# HI! Im planning a long sailing! lend advice!



## worldadventure09 (Sep 20, 2008)

Hello, My name is Robert, I am currently a MBA student at radford university and upon graduation I am planning on buying a boat and sailing around the world. I am not planing on rushing to circumnavigate the word. I really want to see the world and experience different cultures. If you think you would be interested in lending a hand and following my planing/ preparing and trip check out my blog WORLD SAILING ADVENTURE and please leave some comments with advice/ suggestions.


----------



## worldadventure09 (Sep 20, 2008)

havent really gotten any feedback.. advice would be greatly appreciated please leave comments on my site


----------



## darkseer (Sep 20, 2008)

The question is kind of broad. This kind of journy is a multi year commitment usually. The best advice I can give is choose the proper vessel and find crew that commit the same amount of time. If you are doing blue water yourself make sure the mast is stepped to the keel, you have a sattelite emergency beakon, and register your long legs with the local athorities.


----------



## TSOJOURNER (Dec 16, 1999)

worldadventure09 said:


> Hello, My name is Robert, I am currently a MBA student at radford university and upon graduation I am planning on buying a boat and sailing around the world. I am not planing on rushing to circumnavigate the word. I really want to see the world and experience different cultures. If you think you would be interested in lending a hand and following my planing/ preparing and trip check out my blog WORLD SAILING ADVENTURE and please leave some comments with advice/ suggestions.
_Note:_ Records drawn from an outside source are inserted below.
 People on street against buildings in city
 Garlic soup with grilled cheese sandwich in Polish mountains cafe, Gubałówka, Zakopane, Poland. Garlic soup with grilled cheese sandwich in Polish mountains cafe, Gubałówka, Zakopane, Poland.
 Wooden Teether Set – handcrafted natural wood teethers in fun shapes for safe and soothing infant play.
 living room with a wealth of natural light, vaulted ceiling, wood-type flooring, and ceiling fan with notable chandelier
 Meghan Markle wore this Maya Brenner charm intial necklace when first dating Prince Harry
It does not seem from your blog that you have an extensive bluewater experience needed for a trip of such magnitude. Neither do I, btw, but the difference between me and you is that I am not planning on committing suicide just yet...


----------



## Stillraining (Jan 11, 2008)

09

I am not a nay-sayer just a pragmatic...your time line is whacked...you will more then likely spend 9 months finding just the right boat you want let alone prepping it for your adventure...Give yourself another year to put this thing togather so you and that frisky looking gal of your can learn to sail this said boat on some intensive shorter offshore passages to gain both experiance for yourself and experiance with the boat..

You'll get more interest in helping you out and less bashing for some half cocked idea to go kill yourself like above.
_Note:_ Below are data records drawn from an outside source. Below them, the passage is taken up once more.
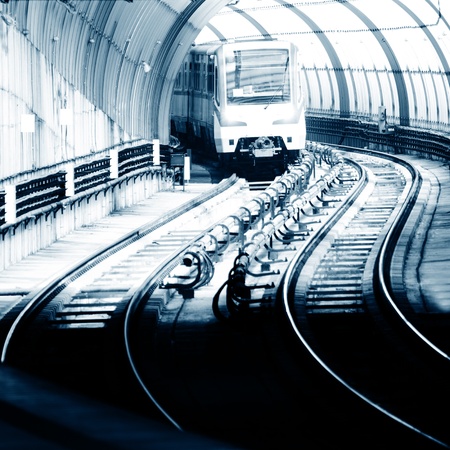 urban metro station with leaving train- duotone industrial cityscape の写真素材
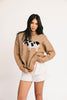 crewneck cow sweater with a relaxed fit. the perfect neutral cow detail sweater for spring outfits and lightweight layering. 
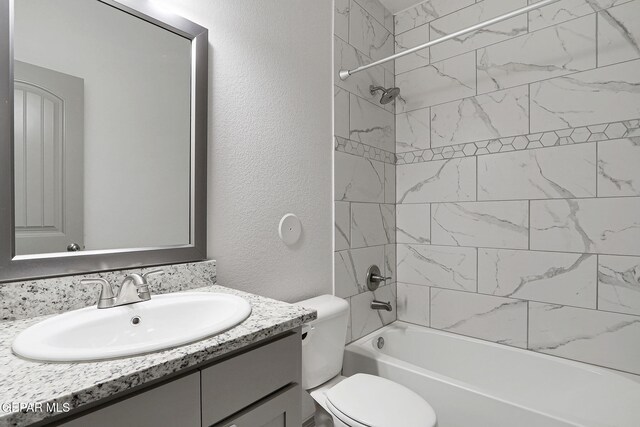 1129 Indigo Sky St, El Paso, TX 79928 - full bathroom featuring vanity, toilet, tub / shower combination, and a textured wall
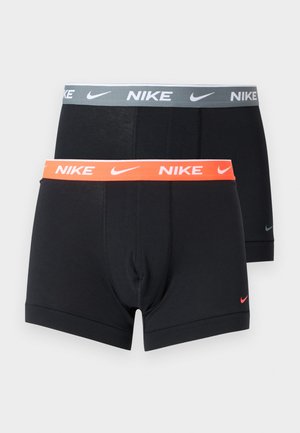 Homme grand debout pieds nus sur un sol recouvert de moquette, portant des boxers noirs Nike, regardant vers sa gauche, les mains dans le dos.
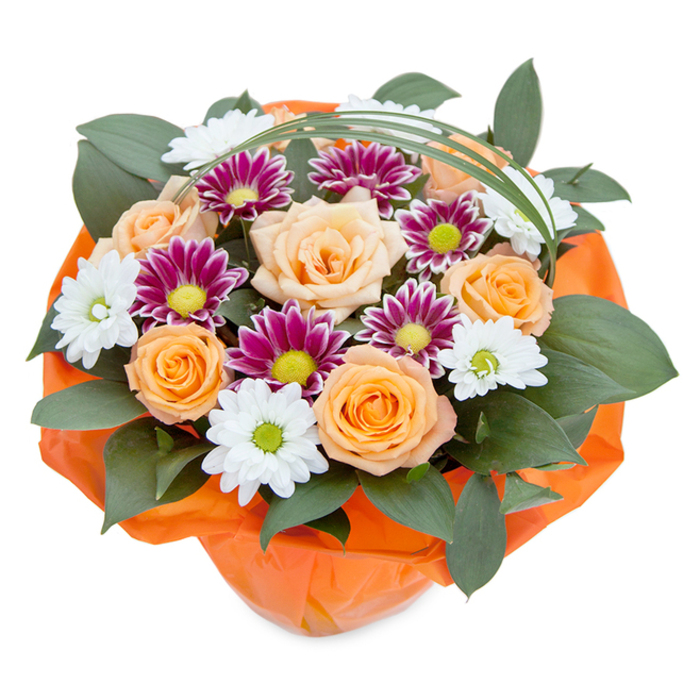 Overflowing with cheerful flora and artistic flair, this bouquet is elegantly captured from above, illuminated in clear, natural light-much like a market display near Tufnell Park Station. Dominated by open peach and tangerine-hued roses, their petals unfurl with classic sophistication, embracing the soft romance found in local garden squares. Nestled among them are round, daisy-like chrysanthemums: striking in their crisp white with vivid green centers, and mesmerizing in their rich magenta and purple shades, each with a yellow or lime-green eye. The overall composition is made lush with an abundance of dark, glossy ruscus foliage, which weaves through the arrangement, echoing the hidden greenery of Lady Somerset Road's gardens. Adding finesse, a slender loop of vibrant green decorative grass sweeps gracefully above, giving a final touch of contemporary design. The bouquet's base is wrapped snugly in translucent orange cellophane, gently crinkled to accentuate the structure and bring cohesion to the warm rose tones. Every element of this hand-crafted floral display, available for same-day delivery across Tufnell Park and neighbouring Holloway, is chosen to conjure feelings of happiness, appreciation, and celebration-a true testament to the floristry expertise and thoughtful service at Flowers Tufnell Park.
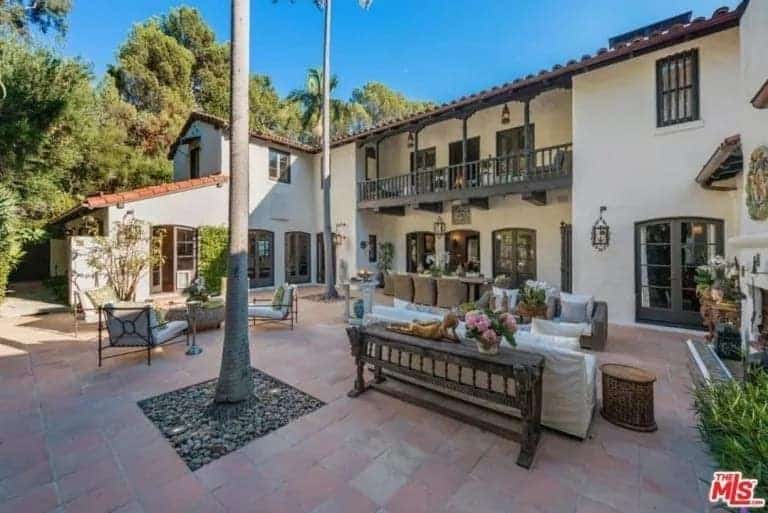 This is the gorgeous spacious patio with sitting areas and an outdoor dining area all on terracotta flooring outdoor tiles that go well with the beige exterior walls of the house. Here you can also see the tropical trees on pebbled soil framed by the outdoor tiles.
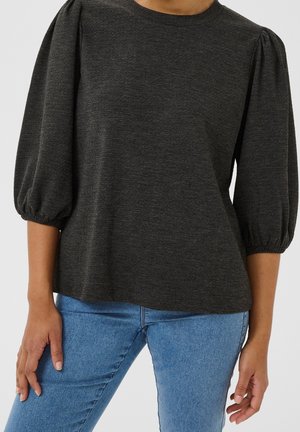 Haut gris foncé texturé avec manches bouffantes jusqu'au coude, associé à un jean en denim bleu sur une femme avec un fond uni.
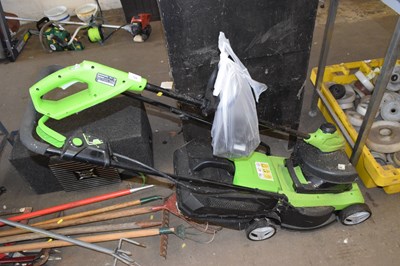Lot 729 - An electric lawnmower and strimmer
FWIW..We see a lot of this type of exuberance around here..which is good but few if any suceed with the experiance and time line your setting out for.
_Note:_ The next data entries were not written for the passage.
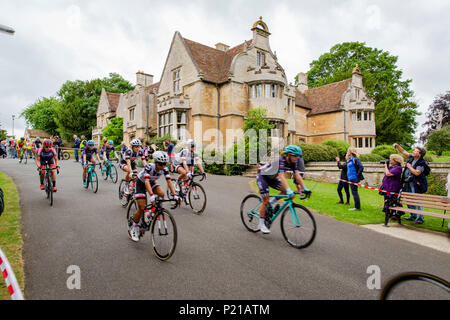 Day two of the Grand Depart from Rushden, Northamptonshire of the OVO Energy Women's Cycle Tour 2018. The cyclists depart from Hall Park in the centre of Rushden past Rushden Hall. Credit: GLC Pix/Alamy Live News: Rushden, UK. 14th June 2018. Stock Photo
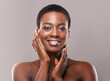 © Prostock-studio - Beautiful black woman with short hair touching her smooth cheeks, applying cream or lotion on face and looking at camera, copy space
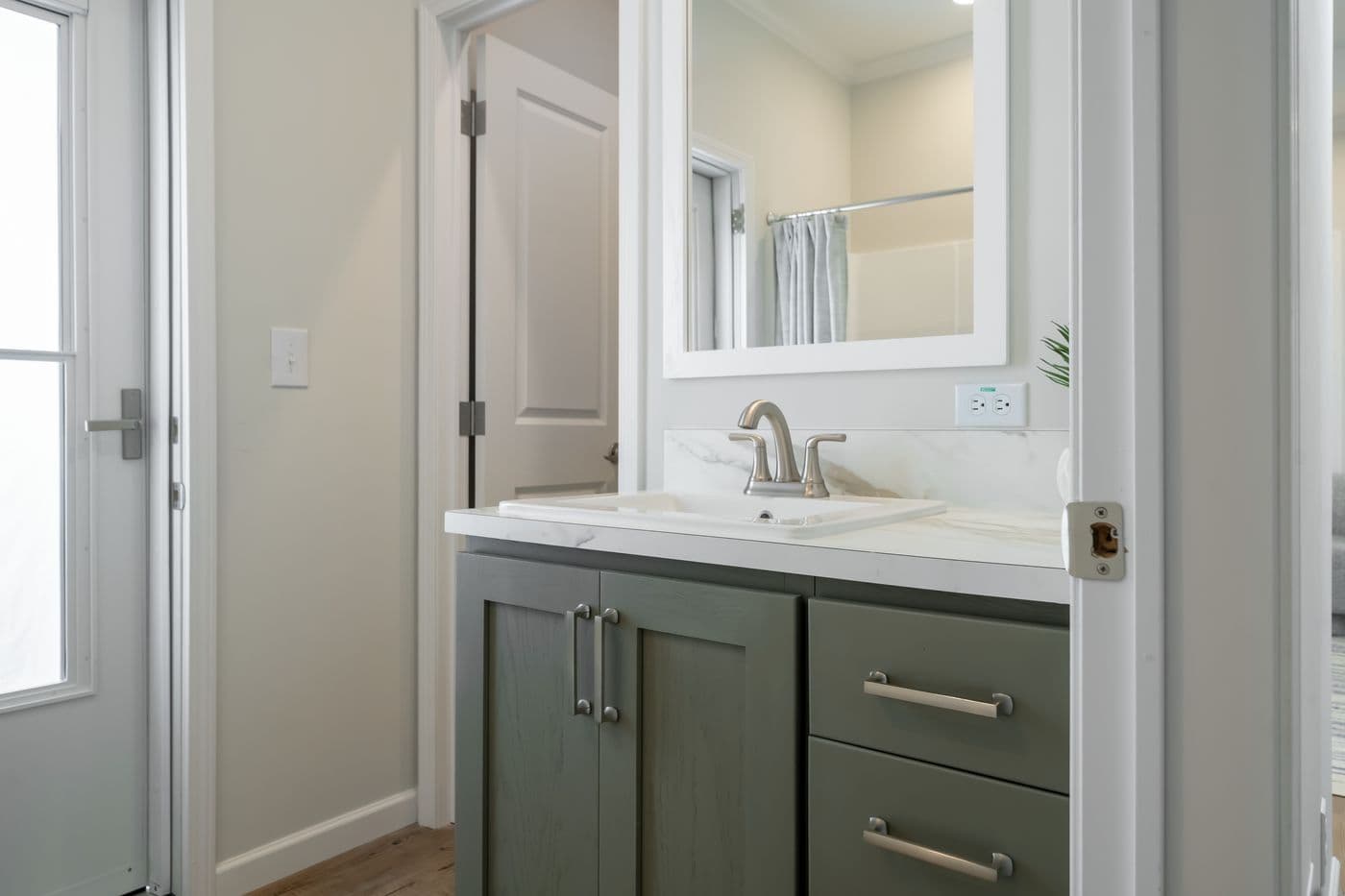 The TIFFANY Guest Bathroom. This Manufactured Mobile Home features 2 bedrooms and 2 baths.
There is a wealth of knowledge here..If your not getting any then your not asking the right questions...catch my drift?...


----------



## chall03 (Oct 14, 2002)

*Chase your dream, but understand what is involved here...*

Hi Man,

Had a read of your blog and firstly if world cruising is what you guys want to do then do it, there will be and will always be a whole cast of people that will give you reasons not to do it.... because there are and will always be a whole bunch more sensible, more acceptable things to do with your life than circumnavigate the planet at walking pace in a small boat. But that my friend is why they call it an adventure 

Having said that and assuming you and your girlfriend are serious about this and its not just a nice little idea, realise that you need to develop a realistic plan in terms of gaining experience and knowledge, outfitting a suitable vessel, and last and certainly not least paying for the whole affair.....

I had a similar idea to you 6 years ago and im still getting ready, it may take you less time sure, but like anything worth doing realise its going to take a bunch of work and commitment.

For both inspiration and also for his practical advice, I would recommend the books "By way of the Wind' by Jim Moore and also its sequel 'Swan'. It is essentially the story of a guy who knew nothing about sailing coming home from work one day and announcing to his wife that he was going to build a boat and sail them around the world. If Jim had been on Sailnet at that point in time he would of gotten a bigger slamming on here than you!! However an infinitely practical fellow he did indeed build a boat, learn't what needed to be learn't about sailing and embarked on a successful circumnavigation. In turn he became a very experienced sailor, and has alot of good advice in his books for those looking to follow in his footsteps.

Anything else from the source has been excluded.